• **What to work on**:
With the images removed, transcribe the listing that follows exactly.

BEGIN Data segment

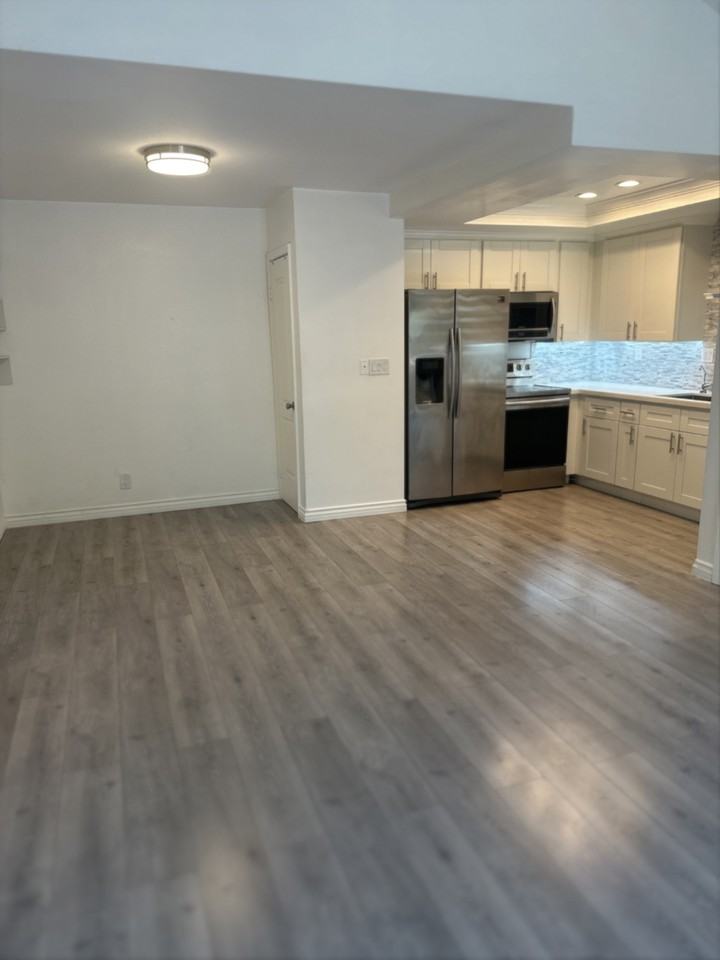 22775 Lakeway Dr #454 - Photo 3 of 13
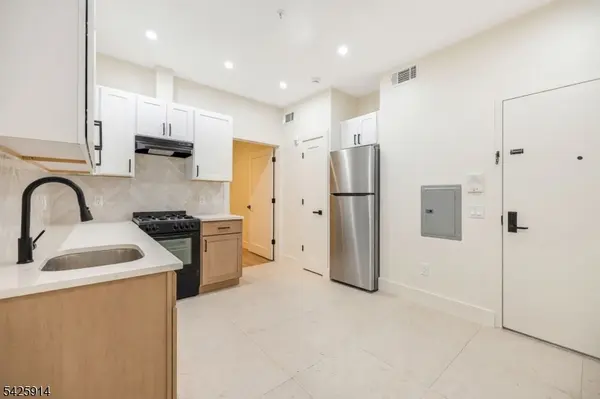 10 School St #4, Passaic City, NJ 07055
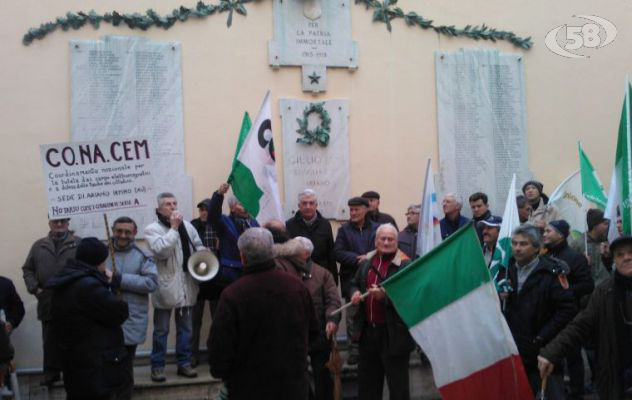 Ariano, caro Tarsu: sfila la rabbia/VIDEO. Delegazione in Comune. Ma il Commissario non c'è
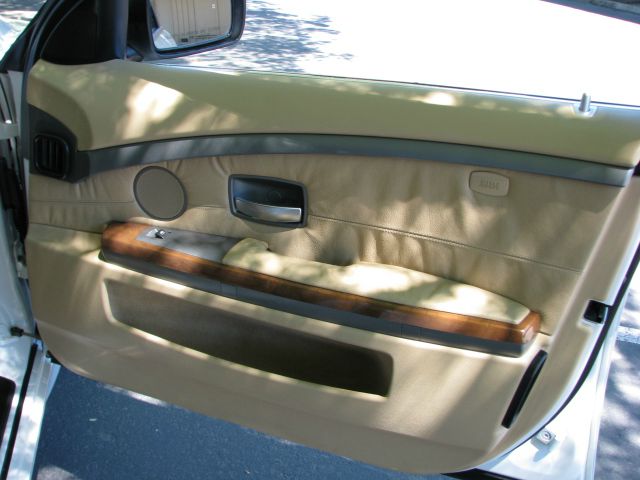 BMW 7 series 2003 photo 28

END Data segment

• **Solution to the problem**:
 22775 Lakeway Dr #454 - Photo 3 of 13
 10 School St #4, Passaic City, NJ 07055
 Ariano, caro Tarsu: sfila la rabbia/VIDEO. Delegazione in Comune. Ma il Commissario non c'è
 BMW 7 series 2003 photo 28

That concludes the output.